[Dataset entries]
*** Block opens ***

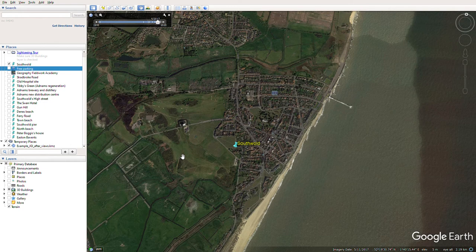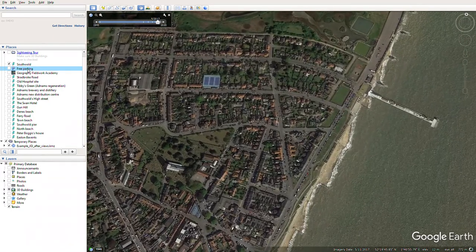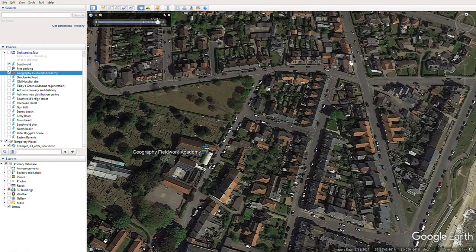You will arrive into town on a road that crosses over a little creek called Bus Creek. You'll turn left towards the seafront down Pier Avenue, but before getting to the pier, I'd suggest turning down Marlborough Road, where there are wide verges and plenty of free parking. The Geography Fieldwork Academy is based a couple of streets away from Marlborough Road, so give me a call when you arrive and I'll come and meet you.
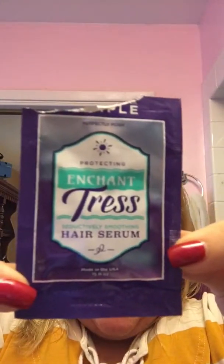Enchantress is on sale for $18 through November 13th at 10 a.m. mountain time, that's 11 a.m. our time. And now that it's soaked in, let me show you how well I'm able to comb through my hair with this serum — it's an amazing detangler. There's our feature of the week, Enchantress hair serum — very light, wonderful fragrance, $18 on sale through the 13th.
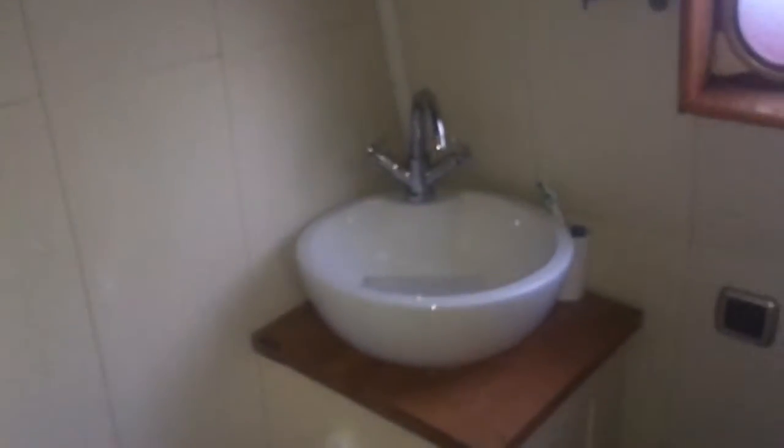We've got a wardrobe in here. If I spin this round, we've got our heads as well - it's a manual cassette toilet, a lovely sink, and a nice big shower.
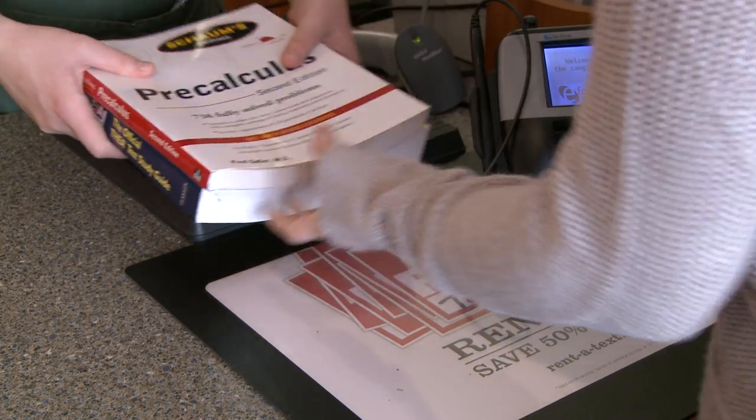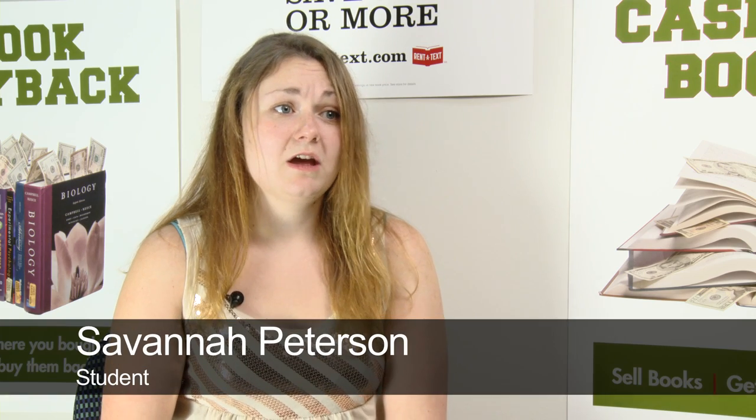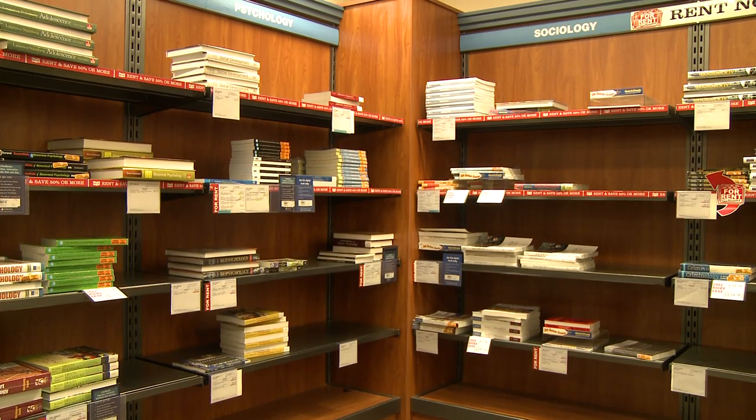Rentable books offer students big savings right up front. They don't have to wait to get their money back when they sell it back at the end of the semester. A rental book — same as new and used — students can write in it and highlight. We just need it back in sellable condition. The option of renting textbooks has really affected students. I know tons of students who weren't able to afford textbooks last semester. Being able to rent at about half the price is definitely really beneficial.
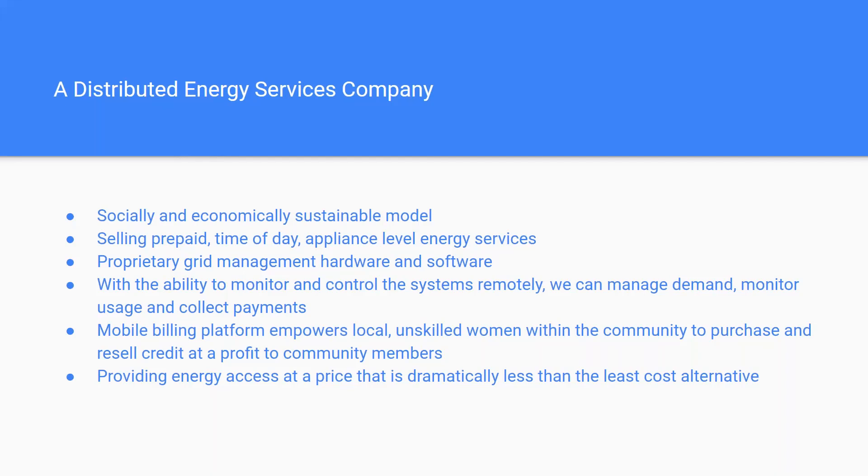We sell prepaid, time-of-day, appliance-level energy services to about 150 customers per site. We've got six sites operational currently and should have 10 by end of year, and we are in the process of deploying 150 power systems throughout Zambia, which would result in about 22,000 households being connected. We train up local women to be agents who resell power on our behalf — they buy power in bulk from us, resell it, and manage people's programs.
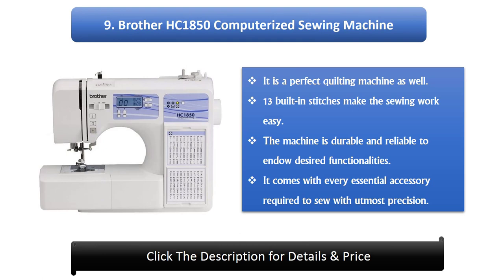Number 9: Brother HC 1850 Computerized Sewing Machine. It is a perfect quilting machine as well. 13 built-in stitches make the sewing work easy. The machine is durable and reliable, and it comes with every essential accessory required to sew with utmost precision.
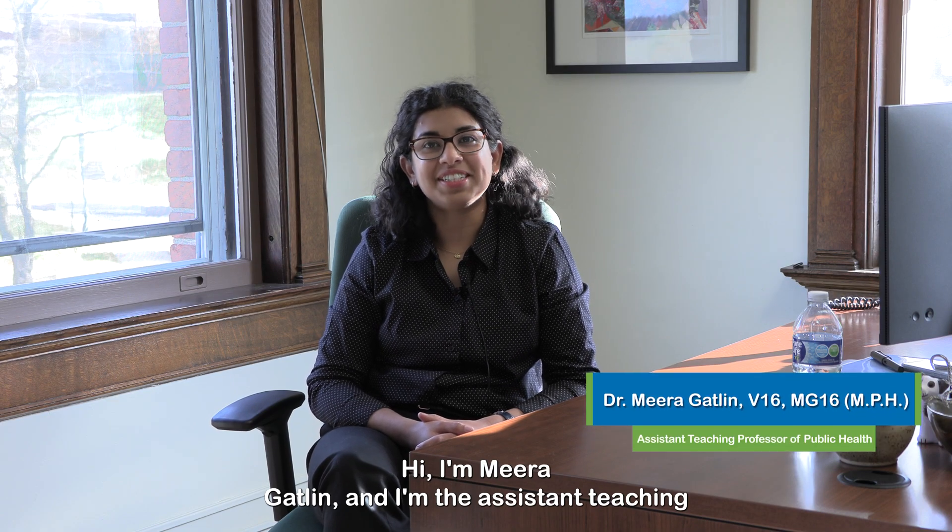Hi, I'm Mira Gatlin, and I'm Assistant Teaching Professor of Public Health here at the Cummings School of Veterinary Medicine, and I oversee the DVM-MPH program.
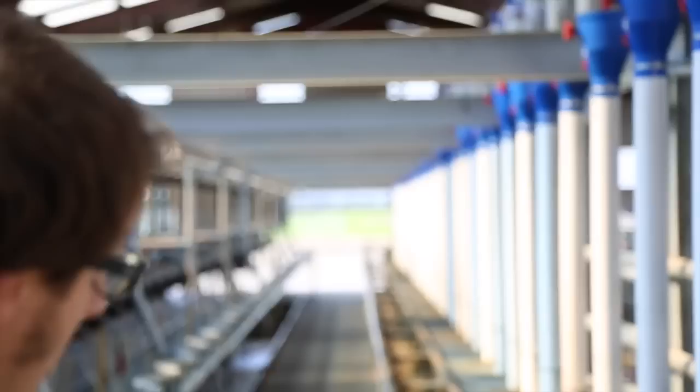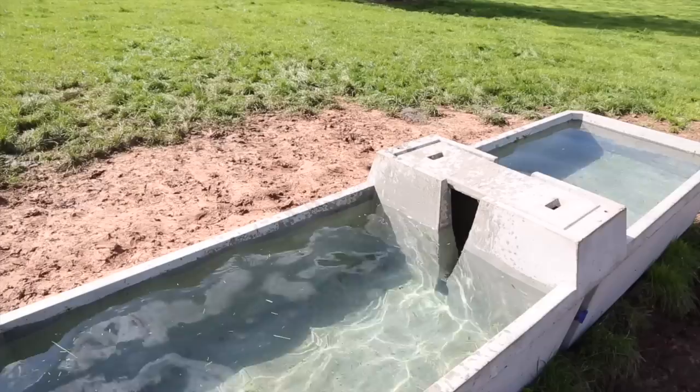Welcome to Corley Farms Dairy. In these videos we will be showing you how we built this parlour, a monster shed, fencing, laid a track network and installed a new water system, converting an arable platform into a grazing platform.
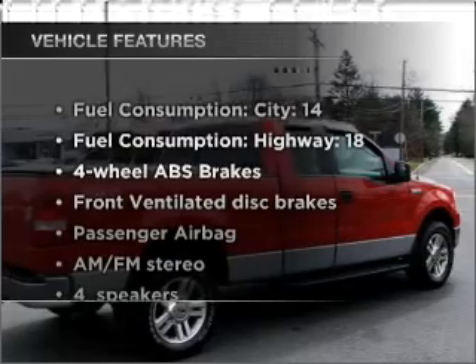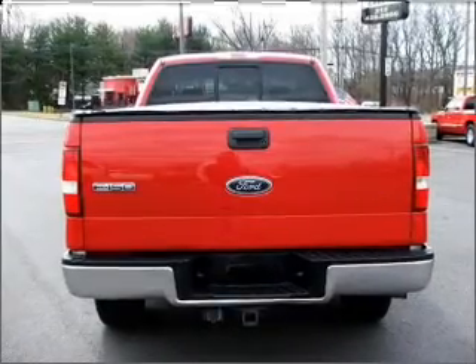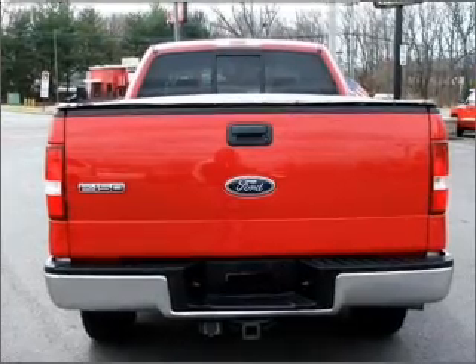Enjoy these notable features that are included in this vehicle: air conditioning, power steering, an AM-FM stereo, and an adjustable tilt steering wheel.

*** Block closes ***

**ASSIGNED TASK:**
The required answer is the lines from the one that contains "Number 9: Brother" through the last line of the records, restated word for word, with every picture dropped.

**SOLUTION TO THIS PROBLEM:**
Number 9: Brother HC 1850 Computerized Sewing Machine. It is a perfect quilting machine as well. 13 built-in stitches make the sewing work easy. The machine is durable and reliable, and it comes with every essential accessory required to sew with utmost precision.
Hi, I'm Mira Gatlin, and I'm Assistant Teaching Professor of Public Health here at the Cummings School of Veterinary Medicine, and I oversee the DVM-MPH program.
Welcome to Corley Farms Dairy. In these videos we will be showing you how we built this parlour, a monster shed, fencing, laid a track network and installed a new water system, converting an arable platform into a grazing platform.
Enjoy these notable features that are included in this vehicle: air conditioning, power steering, an AM-FM stereo, and an adjustable tilt steering wheel.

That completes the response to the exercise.